***** Given information
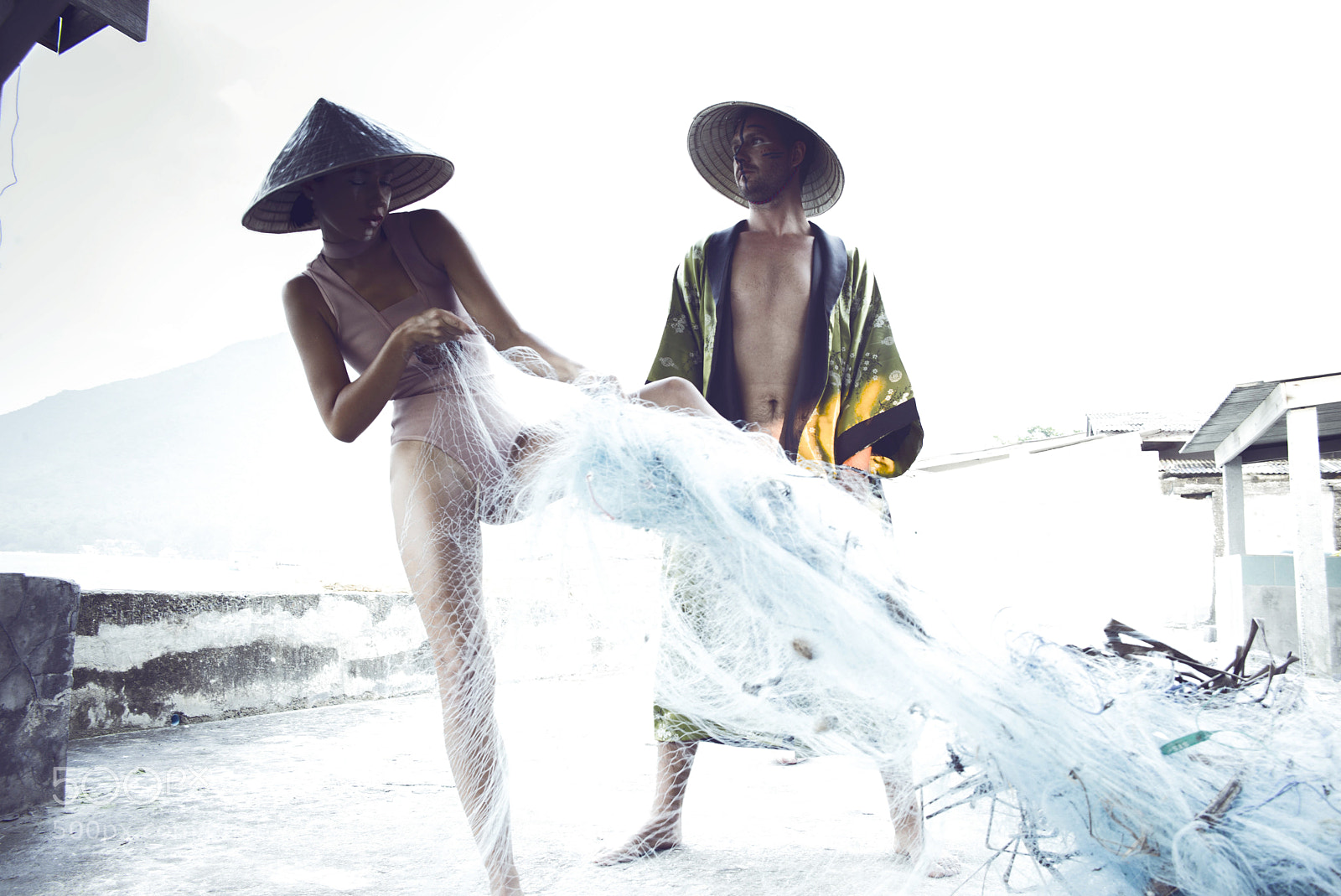 Leica M (Typ 240) sample photo. Pink fish photography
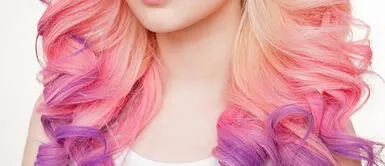 ¿Quieres cambiar de look? Mira estas ideas de cabello fantasía ¿Quieres cambiar de look? Mira estas ideas de cabello fantasía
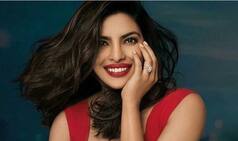 Priyanka Chopra Busy Prepping To Make A Stylish Appearance Yet Again At MET Gala 2018 ?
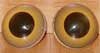 Глаза для игрушек - хрустальные gk-22-38 (10) Глаза круглые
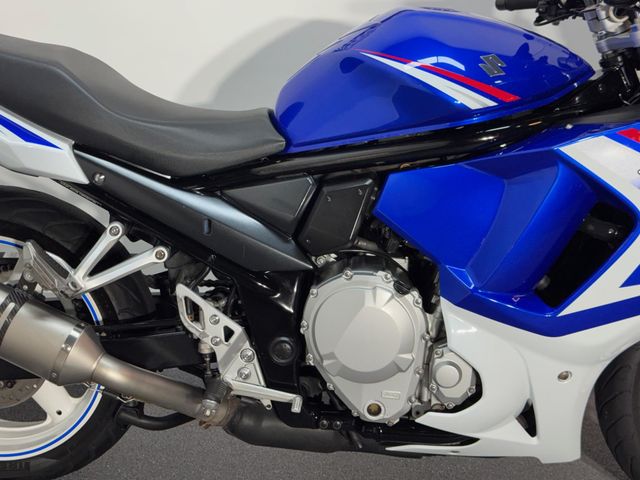 suzuki - gsx-650-f-abs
**********
Description of the task:
Return the listing verbatim, pictures excluded.

Exercise result:
 Leica M (Typ 240) sample photo. Pink fish photography
 ¿Quieres cambiar de look? Mira estas ideas de cabello fantasía ¿Quieres cambiar de look? Mira estas ideas de cabello fantasía
 Priyanka Chopra Busy Prepping To Make A Stylish Appearance Yet Again At MET Gala 2018 ?
 Глаза для игрушек - хрустальные gk-22-38 (10) Глаза круглые
 suzuki - gsx-650-f-abs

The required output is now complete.